François Rebello croit que le ministre Hamad doit se hâter à réviser la norme sur le béton. «Il va falloir qu'il bouge vite», dit-il.
«La semaine prochaine, je veux des réponses claires. Qu'il me dise c'est quoi ce produit-là et combien on peut en avoir pour ne pas que ça cause de problèmes. C'est lui qui va me répondre, ce n'est pas la Régie du bâtiment ou Pierre, Jean, Jacques», promet le député.
François Rebello estime que la norme du béton doit être révisée «le plus rapidement possible», soit d'ici quelques semaines au plus tard.
«Mais là, on me parle de délais de un à trois ans. C'est complètement ridicule. Le ministre est le seul capable de faire en sorte que les délais soient courts», fait-il valoir. «Quand il y a un risque important au niveau de la construction, c'est important d'intervenir rapidement», plaide-t-il.
Le porte-parole de l'Opposition en matière de Travail veut profiter du retour en Chambre, la semaine prochaine, pour pousser le dossier. «Je pense que c'est un enjeu majeur et on va vouloir des réponses claires du ministre», dit-il.

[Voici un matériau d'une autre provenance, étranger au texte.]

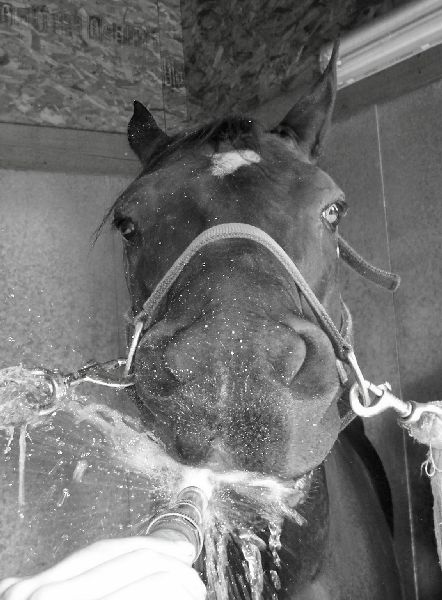 Levi's Drinking fountain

«Je pense que la vraie responsabilité incombe au gouvernement», explique François Rebello. «Le risque existe depuis 2004. Il a commencé à y avoir des reportages dans les médias. Donc, normalement, le gouvernement était dans l'obligation, c'était son devoir d'étudier la question. Il ne l'a pas fait. Le gouvernement est le vrai responsable», analyse le député.
«Il doit donc prévoir un programme d'indemnisation.»
Selon lui, on ne peut pas s'en remettre aux normes de l'industrie en pareil cas alors que la situation a démontré que les normes ne sont pas suffisantes.
«Si les normes ne sont pas suffisantes, c'est au gouvernement d'évaluer ça. La responsabilité du gouvernement, c'est d'établir une norme claire», plaide-t-il.
François Rebello réclame une indemnisation parce qu'il craint, à la lumière des démarches juridiques en cours, dans lesquelles interviendront pas moins d'une vingtaine d'avocats, que «tout le monde se lance la balle» et qu'au bout du compte, la faute soit mise sur la norme déficiente.